Adding several entries in FAQ (#18)

jchiquet · mathurinm · gdurif · web-flow · commit f716ff39ec78 · 2023-06-22T17:20:21.000+02:00
* advances in faq * archiving post describing obsolete submission process * updating post for gh-page activation * post for other languages * reproductibility + lon-running code * reproductibility + lon-running code * split questions in FAQ, partially fixing #1 * Update _posts/2023-03-24-others-languages.md * Update _posts/2023-03-24-what-reproducibility.md * Update _posts/2023-06-21-data.md * add comments about other data repositories --------- Co-authored-by: mathurinm <mathurinm@users.noreply.github.com> Co-authored-by: gdurif <gd.dev@libertymail.net>
diff --git a/_config.yml b/_config.yml
@@ -238,8 +238,7 @@ jekyll-archives:
     tag: '/blog/tag/:name/'
     category: '/blog/category/:name/'
 
-display_tags: ['formatting', 'reproducibility', 'data', 'code'] # this tags will be dispalyed on the front page of your blog
-
+display_tags: ['formatting', 'reproducibility', 'data', 'code'] # this tags will be displayed on the front page of your blog
 # -----------------------------------------------------------------------------
 # Jekyll Scholar
 # -----------------------------------------------------------------------------
diff --git a/_pages/submit.md b/_pages/submit.md
@@ -70,10 +70,6 @@ if you are attached to Jupyter book or do not prefer to use Quarto, you are of c
 
 </div>
 
-## Data and large files
-
-If your submission materials contain files larger than 50MB, **especially data files**, they won’t fit on a git repository as is.
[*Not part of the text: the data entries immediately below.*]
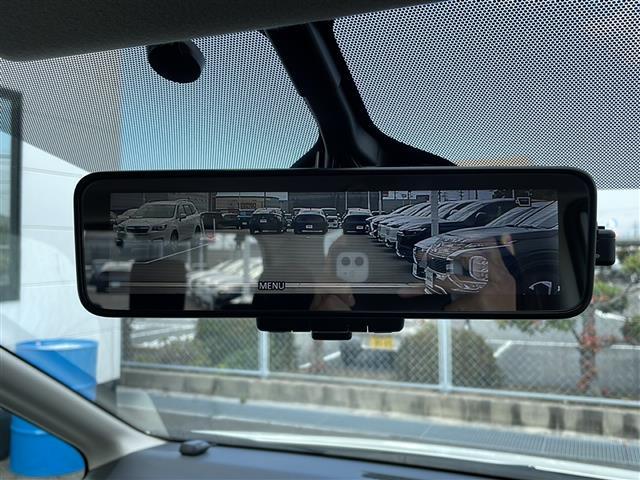 セレナ ｅ－パワー　ハイウェイスターＶ　フリップダウンモニター　純正９インチナビ　フルセグテレビ　プロパイロット　エマージェンシーブレーキ　両側パワースライドドア　ＥＴＣ　純正ドライブレコーダー　パーキングアシスト　スマートキー（19枚目）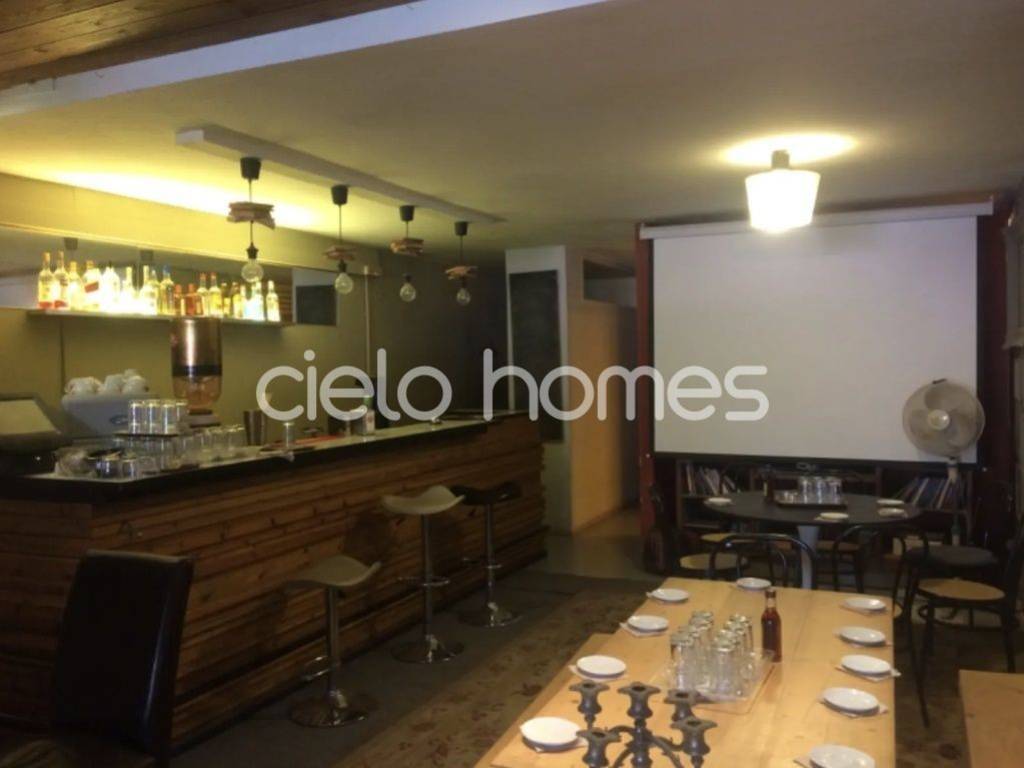 Εσωτερικοι χώροι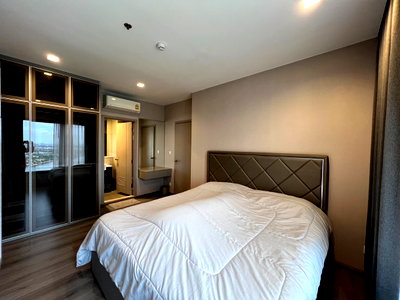 เช่าคอนโด เทสโก้โลตัส รัตนาธิเบศร์ : A2011263 ให้เช่า คอนโด The Politan Rive (เดอะ โพลิแทน รีฟ) ขนาด 50 ตร.ม ชั้น 38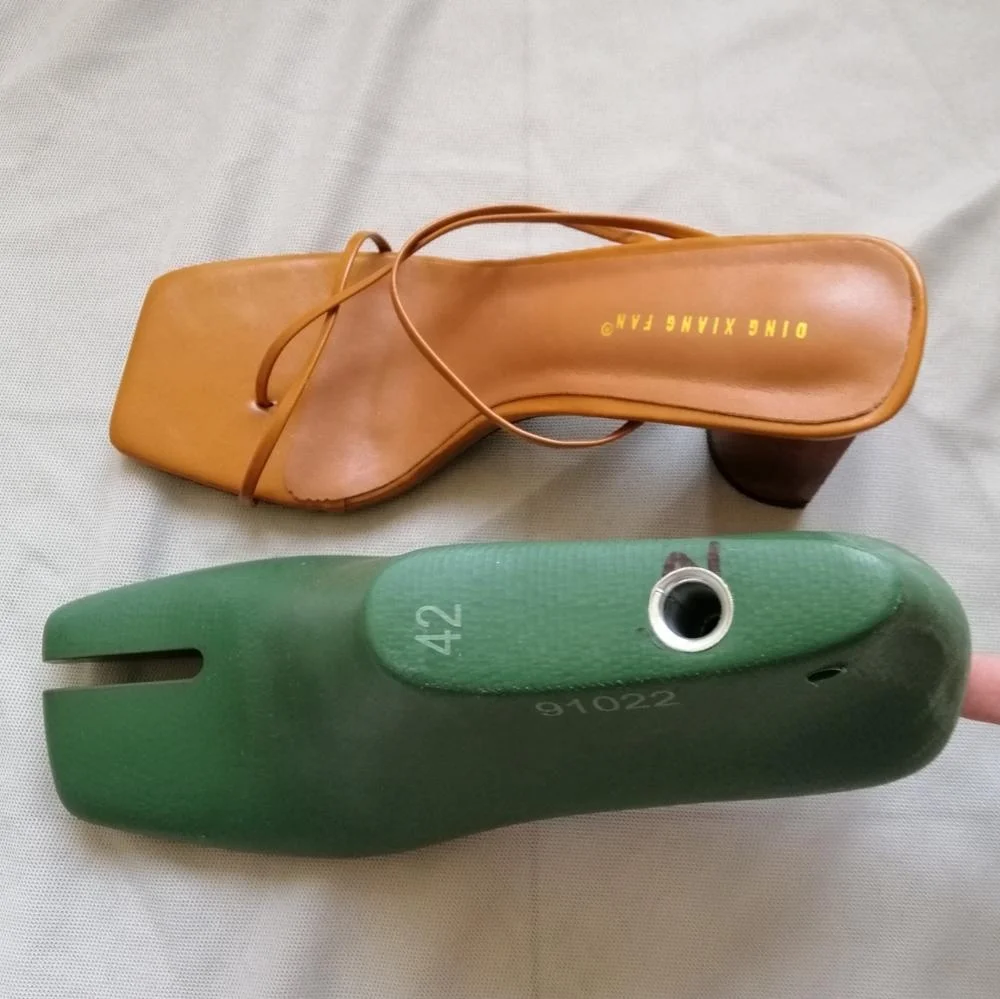 Сандалии женские на высоком каблуке с квадратным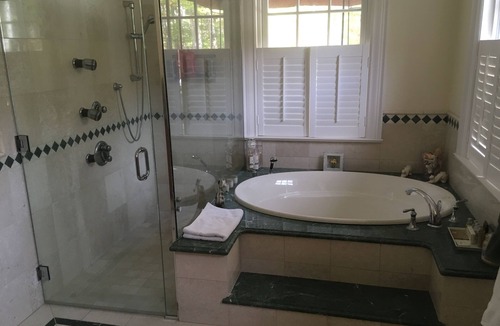 Dufferin Bed & Breakfast | Guest Master Kitchenette /Den Guest Rm 5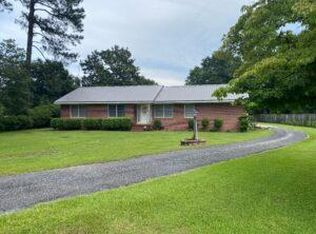 464 Bay Ave, Edison, GA 39846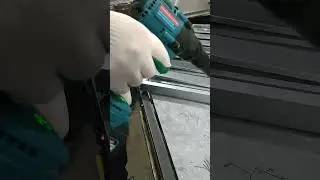 Заклёпочник аккумуляторный.удачный инструмент.
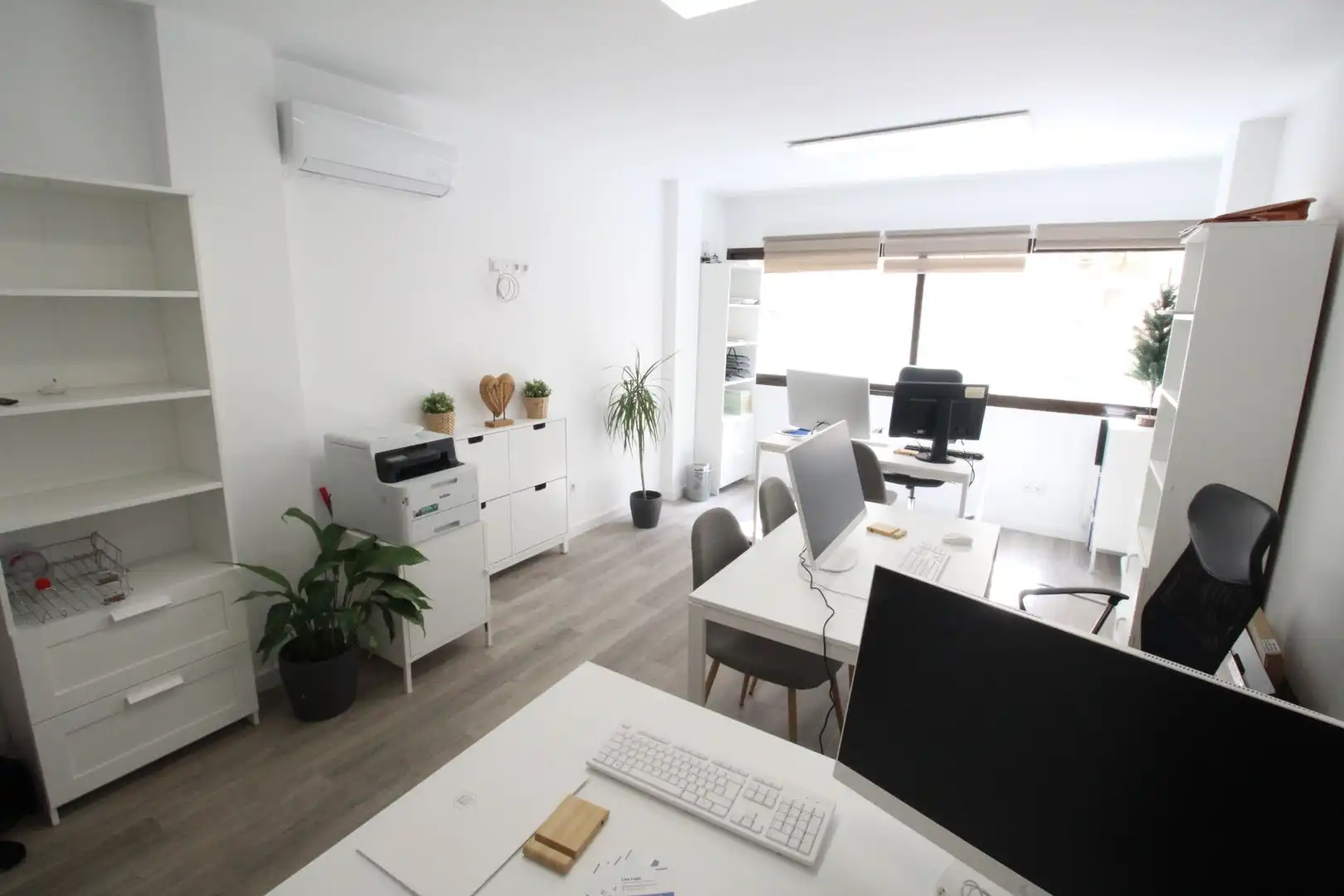 Bureau avec ascenseur à louer à COMEDIAS, imagen 2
For this reason, we encourage you to put your data or any materials you deem necessary on an external “open data” centered repository hub such a [Zenodo](https://zenodo.org/) or [OSF](https://osf.io/).
-
 ## Submit your work
 
 Once your are happy with your notebook AND the continuous integration (Github action or Gitlab CI) is successful, you must submit your PDF with [OpenReview, our platform for peer-reviewing](https://openreview.net/group?id=Computo).
diff --git a/_posts/2021-04-23-submission-process.md b/_posts/2021-04-23-submission-process.md
@@ -1,7 +1,7 @@
 ---
 layout: post
 title:  How does Computo work?
-date: 2021-04-23 00:00:00
+date: 3021-04-23 00:00:00
 description: Diagrams that describe the submission process
 ---
 
diff --git a/_posts/2023-03-17-HTML-to-website.md b/_posts/2023-03-17-HTML-to-website.md
@@ -15,8 +15,6 @@ We review here the full process for more clarity.
 
 If you used one of our template repository, the build action (in `.github/workflows/build.yml`) should look like this:
 
-
-
 {% highlight yaml linenos %}
 name: build
 
diff --git a/_posts/2023-03-24-gitlab-integration.md b/_posts/2023-03-24-gitlab-integration.md
@@ -0,0 +1,10 @@
+---
+layout: post
+title: 'I use gitlab instead of github: what should I do?'
+date: 2030-03-24 00:00:00
+tags: reproducibility
+description: Discuss integration of Computo's contribution in Gitlab instances
+---
+
+_Under Construction_
+
diff --git a/_posts/2023-03-24-others-languages.md b/_posts/2023-03-24-others-languages.md
@@ -0,0 +1,15 @@
+---
+layout: post
+title: 'I use a different language than Python, R or Julia: would Computo accept my contributions?'
+date: 2023-03-24 00:00:00
+tags: [reproducibility, code]
+description: Describe how to handle other languages than R, Julia or Python
+---
+
+In principle, we are open to any kind of language.
+
+In practice, we need to integrate reproducible and compilable code into our quarto template. Natively, we support, `R`, `Python` and `Julia` and provide dedicated templates. For others, if the language is supported by a Jupyter kernel ([there are kernels for many languages](https://gist.github.com/chronitis/682c4e0d9f663e85e3d87e97cd7d1624), [quarto allows code execution](https://quarto.org/docs/computations/execution-options.html#engine-binding).
+
+When writing your contribution though, keep in mind that some languages are not designed for interactivity and that there will be a formatting effort to support your point in your manuscript (which could be as expensive as interfacing this code with Python or R via `pybind11`, `Rcpp` or equivalent). It's your choice.
+
+From our side, we will do our best for the technical aspects to help with the integration of any language, but the editorial board and reviewers will also do the work to make sure the contribution is within the bounds scientifically and in the spirit of reproducibility.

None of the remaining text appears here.